The way Linked Data differs is that data pulled from various sources is always RDF regardless of the quality of the data. A collection of plain resources, a sophisticated knowledge model, schema definition and an relational to RDF mapping specification can all be simply concatenated into a single graph containing their triples. Thus the problem of syntactic validity between data sources does not really exist in the Linked Data domain. But consequently, another question arises: what about the semantic validity of the data (its meaning or logical soundness)? This is where a big contrast is drawn between the RDF based knowledge description languages and many schema languages:

Schema languages tie the semantic meaning of the data to the syntactic structure and require human-readable documentation for interpreting the meaning. There is for example no natural or "neutral and normalised" way in XML to model a person, apartment and the ownership relation (person owning the apartment), as this relationship between the two entities can be structured with a multitude of different tree structures.

RDF based knowledge description languages on the other hand guide towards a specific conceptualisation of the world due to them being based on formal logics (set theory). The structure can of course be formulated as one wishes, but the extent to which syntax affects semantics is relatively small. Referring to the previous example, the person and apartment would quite naturally be modelled as resources with the ownership being the resource connecting them. Depending on the fidelity of the model, the relationship could be unqualified (direct) or qualified (having additional information describing the qualities of the ownership relationship), etc.

The fundamental difference between schema languages and RDF based knowledge description languages is that with the latter:

The data itself (the resources and the triples) do not inherently mean anything. As mentioned earlier, everything is determined in a constructivist manner: things are defined by their relationships to other things. So, validating that an RDF dataset adheres to the very few schematic rules that RDF requires does not yet tell us anything about its validity in any domain or for any purpose unlike with schema languages where the context is expressed with syntax.
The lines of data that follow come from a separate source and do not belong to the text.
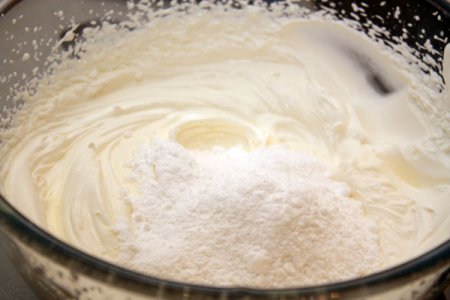 Миндальный пирог с клубникой Миндальный пирог с клубникой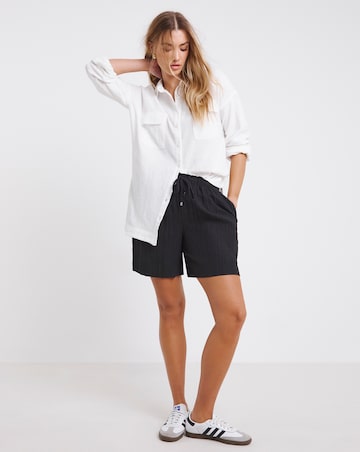 Simply Be Black Tencel Crinkle Shorts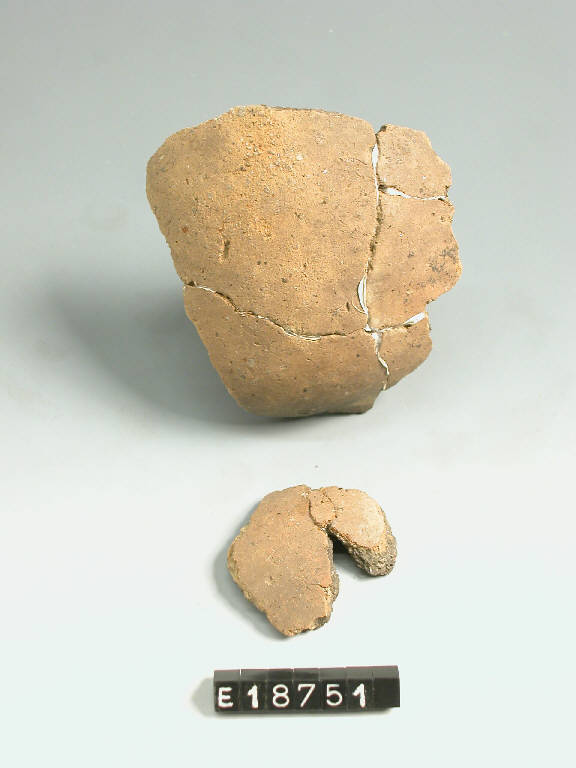 bicchiere globulare - cultura di Golasecca (secc. IX/ IV a.C.)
Building on the previous note: the resources in Linked Data models only receive meaning when they are structured in vocabularies where each resource is given a (typically) formally specified meaning in relation to other resources. The predominant formal way of giving meaning to resources is to use set theory (description logic to be more precise) constructs. These constructs are built into the vocabularies meant for knowledge representation (such as OWL).
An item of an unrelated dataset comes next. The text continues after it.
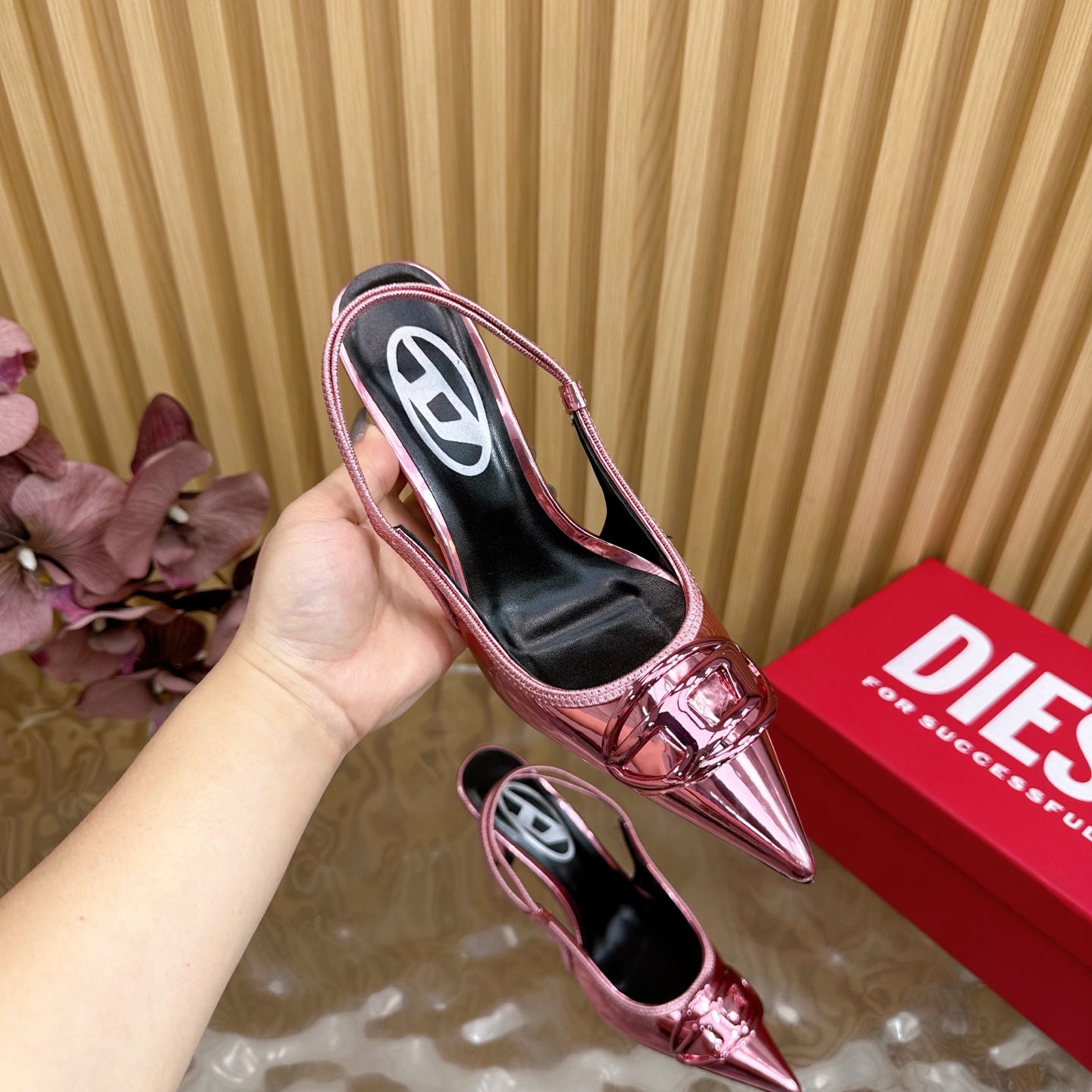 Diesel’s F/W23 Sexy Shoe Prize: Super-Heavy-Explosive Tweezer for Spring/Summer 2025 - 图片 9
These vocabularies that give structured meaning to data are generally referred to as ontologies.

In addition to these formal vocabularies, there exists a number of popular vocabularies using weak semantics. This means that the meaning of the constructs is defined loosely, requiring human interpretation and allowing for a degree of flexibility or ambiguity that might better suite the interoperability of knowledge between parties by allowing a fuzzy or loosely defined flexible interpretation of sameness for definitions.

Literals do not have any semantic meaning, except in few cases where they are used to indicate e.g. the cardinality or other logical features of the structures.
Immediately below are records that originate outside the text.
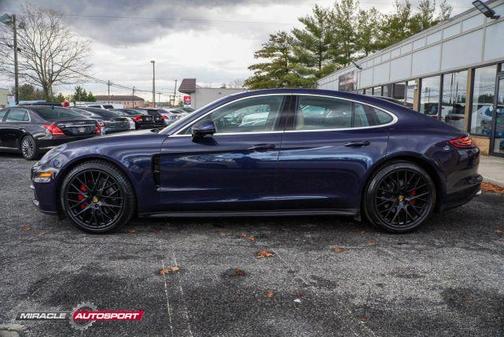 2017 Porsche Panamera 4S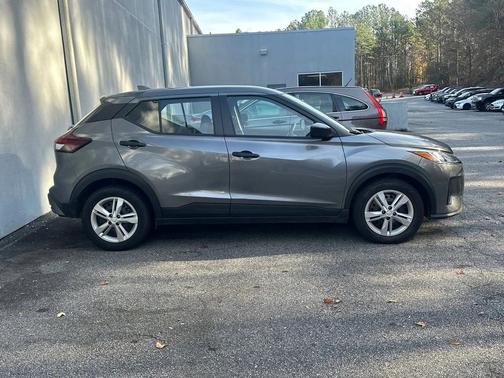 2024 Nissan Kicks S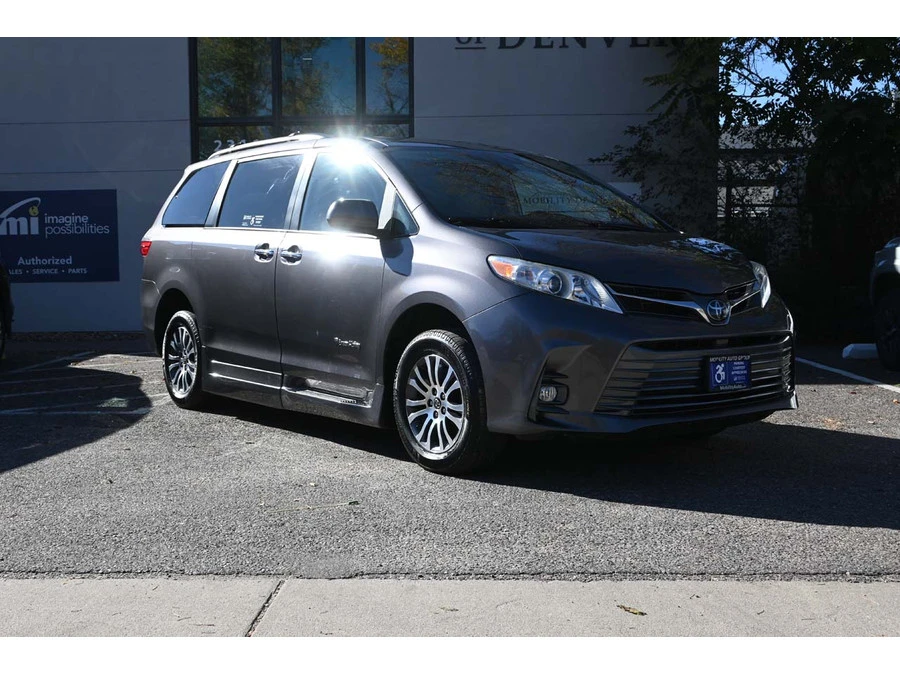 2020 Toyota Sienna 3rd Gen - Image 3 of 12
Building on the previous two notes: the resources in Linked Data datasets only receive meaning when they are connected to resources defined in the models mentioned above.

In summary, Linked Data becomes knowledge only when it is described with a vocabulary suited for knowledge representation.

As an example, the resources rdf:type (specifying instances) and rdfs:subClassOf (specifying classes) have formal meaning encoded in the Linked Data tools, meaning data or models containing triples with these two resources as the predicates will then have formal meaning. Other, more sophisticated resource definitions exist in vocabularies such as OWL, whose semantic meaning is activated when the data or models are processed with tools capable of doing logical reasoning (inference) based on these resources. More complex and sophisticated vocabularies can be built on top of these vocabularies. These special resources grant the ability for tools to check the logical soundness of what has been said in the data or models. This inference (calculating the logical consequences of the triples = producing new explicit facts from inherent indirect facts already existing in the data) takes based on an open world assumption. This is introduced in more detail in the next section that deals very superficially with inferencing related to the OWL profile used on the FI-Platform.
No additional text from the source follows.